The rest of the company were settled further back, in a hollow between two larger hills where their forces would remain invisible to even the keenest of eyes in Bogfeld. Felix approached them and quickly gathered up Zara and the others, leaving the Legion, giants, and Henaari to finish enjoying their rest. He quickly explained the situation.
"Circumventing the town seems the wisest course of action," Vess agreed. "Though the Pass is likely well guarded. It is one of the few ways through the Stormeaters and trade with the desert cities is very profitable."
"Avoiding Paladins. I'm not keen on that idea," Evie said. "How'll I kill em if I have to keep hiding?"
"The point isn't to fight them, Aren. We're here to find the...other, and get out," Alister said.
"The Paladins are a plague, but I agree that engaging them here is not the wisest course of action," Zara said. "My main concern, however, are our supplies. The food and fresh water are running low after our trek. It seems Frost Giants require a great deal of both throughout the day."
"Hm. Bogfeld looks prosperous. Should we send someone into town to resupply?" Felix asked.
"That is up to you, Autarch," the Naiad replied with a smirk that quickly faded. "It would be unwise to enter the Scorched Expanse without adequate water, at the very least."
"A death sentence," Atar said. "I also don't like the idea that the Paladins are controlling the Caleph Pass. Those Knights...they would have to work for one of the Princes. Why are they not contesting the Hierocracy's presence?"
"Not sure on the politics, but sounds like there's a mite few more holy idiots than Knights," Harn said. Felix nodded.
"Scouts have counted at least forty Paladins, and I clocked like barely half that of Knights. Could be more in the town, but there's likely more Paladins too."
"The Thousand Princes of Ghreldan are weak," Vess pointed out as Alister nodded. "If they could actually band together, they could amount to something. As it is, they remain fractious enough that they barely hold onto their capital cities and surrounding farm lands."
"Meaning those Knights are on their own," Alister said. "They'll likely be strong—Journeyman Tier at least—but without the threat of a proper backing, they'll not stand up against the Hierocracy's thugs."
Felix tapped his lips, thinking. "Then we have to go into Bogfeld, a few of us at least."
"Several teams would be best," Zara pointed out. "We cannot be seen collecting too many supplies at once. They will assume we're making for the Pass, but that is easier to pass off if we are a small group."

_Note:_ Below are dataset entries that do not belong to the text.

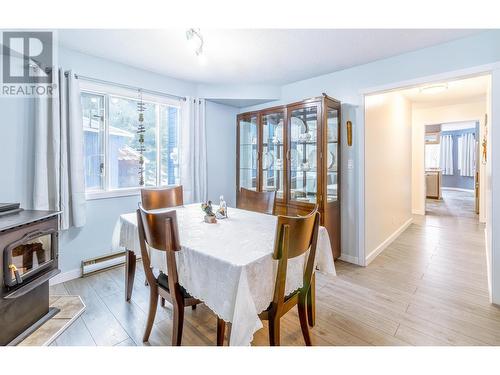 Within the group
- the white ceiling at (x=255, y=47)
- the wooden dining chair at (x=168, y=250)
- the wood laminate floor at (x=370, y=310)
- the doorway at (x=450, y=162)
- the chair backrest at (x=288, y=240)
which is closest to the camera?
the chair backrest at (x=288, y=240)

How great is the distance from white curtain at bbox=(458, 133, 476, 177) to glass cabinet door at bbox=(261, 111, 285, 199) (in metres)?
9.22

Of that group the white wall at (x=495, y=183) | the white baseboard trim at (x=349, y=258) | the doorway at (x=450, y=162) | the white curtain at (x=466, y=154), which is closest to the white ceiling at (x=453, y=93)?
the white wall at (x=495, y=183)

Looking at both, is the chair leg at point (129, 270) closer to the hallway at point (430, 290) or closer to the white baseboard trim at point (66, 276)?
the white baseboard trim at point (66, 276)

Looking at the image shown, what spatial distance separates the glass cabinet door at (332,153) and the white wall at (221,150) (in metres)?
1.72

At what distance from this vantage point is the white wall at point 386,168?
315cm

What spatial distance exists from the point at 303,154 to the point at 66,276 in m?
3.01

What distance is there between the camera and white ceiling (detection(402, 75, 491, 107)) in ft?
12.0

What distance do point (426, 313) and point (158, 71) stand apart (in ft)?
12.4

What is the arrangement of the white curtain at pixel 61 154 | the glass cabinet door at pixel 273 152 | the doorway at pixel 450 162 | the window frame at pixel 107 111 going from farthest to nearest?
the doorway at pixel 450 162 < the glass cabinet door at pixel 273 152 < the window frame at pixel 107 111 < the white curtain at pixel 61 154

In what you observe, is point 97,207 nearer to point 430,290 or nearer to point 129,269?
point 129,269

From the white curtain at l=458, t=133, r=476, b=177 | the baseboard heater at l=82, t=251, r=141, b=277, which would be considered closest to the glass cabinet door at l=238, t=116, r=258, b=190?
the baseboard heater at l=82, t=251, r=141, b=277

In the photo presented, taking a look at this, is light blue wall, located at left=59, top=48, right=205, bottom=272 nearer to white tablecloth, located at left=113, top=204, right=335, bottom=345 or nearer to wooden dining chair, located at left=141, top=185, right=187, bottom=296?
wooden dining chair, located at left=141, top=185, right=187, bottom=296

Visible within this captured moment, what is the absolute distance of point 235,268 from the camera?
3.91ft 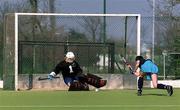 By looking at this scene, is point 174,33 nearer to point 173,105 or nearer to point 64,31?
point 64,31

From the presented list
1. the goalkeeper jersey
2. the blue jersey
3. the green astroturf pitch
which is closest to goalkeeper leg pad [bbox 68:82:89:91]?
the goalkeeper jersey

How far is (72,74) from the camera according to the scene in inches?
834

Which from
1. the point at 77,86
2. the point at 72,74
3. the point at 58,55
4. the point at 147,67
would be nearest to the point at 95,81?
the point at 77,86

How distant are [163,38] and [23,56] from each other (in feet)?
20.1

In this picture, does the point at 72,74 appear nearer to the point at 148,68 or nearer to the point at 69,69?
the point at 69,69

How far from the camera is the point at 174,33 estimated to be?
87.8ft

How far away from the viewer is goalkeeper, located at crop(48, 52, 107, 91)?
20984 millimetres

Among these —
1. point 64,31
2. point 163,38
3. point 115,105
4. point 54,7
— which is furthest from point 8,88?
point 115,105

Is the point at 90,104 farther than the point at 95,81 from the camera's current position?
No

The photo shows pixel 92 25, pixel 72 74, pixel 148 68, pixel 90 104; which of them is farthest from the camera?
pixel 92 25

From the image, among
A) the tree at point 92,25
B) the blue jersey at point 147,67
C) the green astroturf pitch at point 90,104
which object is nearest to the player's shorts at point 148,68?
the blue jersey at point 147,67

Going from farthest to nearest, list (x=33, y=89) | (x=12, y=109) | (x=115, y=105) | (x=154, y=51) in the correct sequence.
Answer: (x=154, y=51) → (x=33, y=89) → (x=115, y=105) → (x=12, y=109)

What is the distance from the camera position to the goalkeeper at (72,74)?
21.0m

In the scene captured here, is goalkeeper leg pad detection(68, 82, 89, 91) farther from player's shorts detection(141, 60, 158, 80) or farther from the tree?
the tree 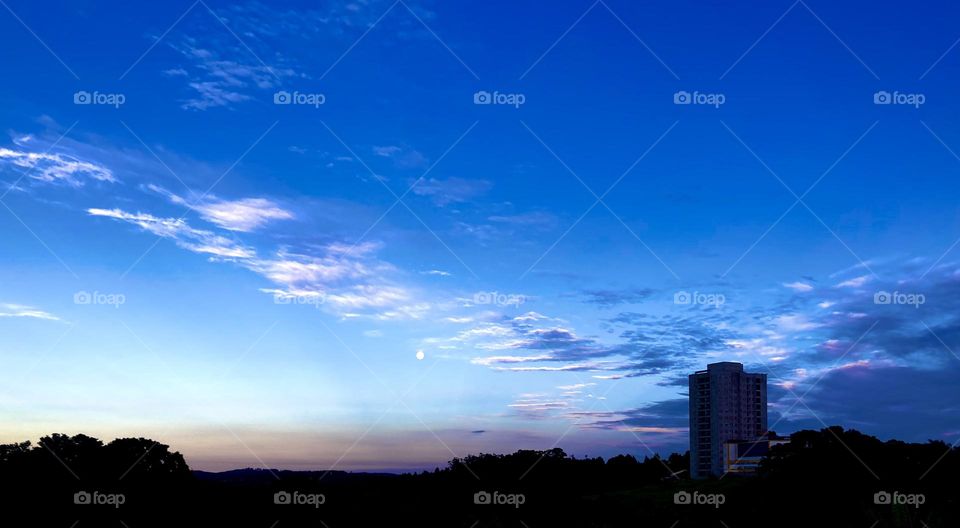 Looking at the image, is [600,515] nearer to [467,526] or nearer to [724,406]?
[467,526]

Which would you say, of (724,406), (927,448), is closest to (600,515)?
(927,448)

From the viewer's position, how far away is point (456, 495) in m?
52.3

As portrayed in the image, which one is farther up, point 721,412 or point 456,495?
point 721,412

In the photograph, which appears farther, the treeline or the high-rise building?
the high-rise building

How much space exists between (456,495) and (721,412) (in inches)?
3291

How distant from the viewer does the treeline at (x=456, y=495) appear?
44.6 metres

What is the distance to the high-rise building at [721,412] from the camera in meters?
128

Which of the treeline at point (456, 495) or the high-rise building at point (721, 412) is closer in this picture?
the treeline at point (456, 495)

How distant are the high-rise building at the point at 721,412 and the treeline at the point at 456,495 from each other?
6797 centimetres

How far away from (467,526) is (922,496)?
24.0 metres

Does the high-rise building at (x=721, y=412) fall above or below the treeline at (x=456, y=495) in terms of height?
above

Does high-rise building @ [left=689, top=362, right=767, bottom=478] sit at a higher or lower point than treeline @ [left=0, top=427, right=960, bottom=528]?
higher

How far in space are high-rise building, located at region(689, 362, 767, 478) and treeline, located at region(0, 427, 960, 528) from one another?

"Smart lady," Harn grunted. "I'll take a few in, get the water we need. Evie? Can you behave yourself?"
Evie blinked her big, green eyes at the grizzled veteran. "No promises."
Harn grunted.
"Right, then a couple more for food, and...we need information." Felix met Atar's eyes. "I need to know what the Paladins are planning. This many for one person? Something else is up."
"Perhaps. But do not miscount your value, Felix. Or our bullish friend's. Nations would move mountains to secure one such as yourselves," Zara said.
"Your code needs work, Zara," Darius said. He had been there the whole time and was most of the reason they had avoided using the word "Unbound." "Who is it we are chasing? And why would the Hierocracy be interested in them, to this extent?"
"I'll tell you once we're in the desert," Felix said. "I promise." Darius frowned, but nodded anyway. "For now, let's rest and wait on the Dawnguards' return. After that, to Bogfeld."
"I love a shopping trip," Evie said, but her eyes were staring intensely into the distance, as if she could bore a hole through the hills, straight to the town. Her fingers caressed the edge of her bladed chain.
Felix swallowed. It'll be fine. Probably.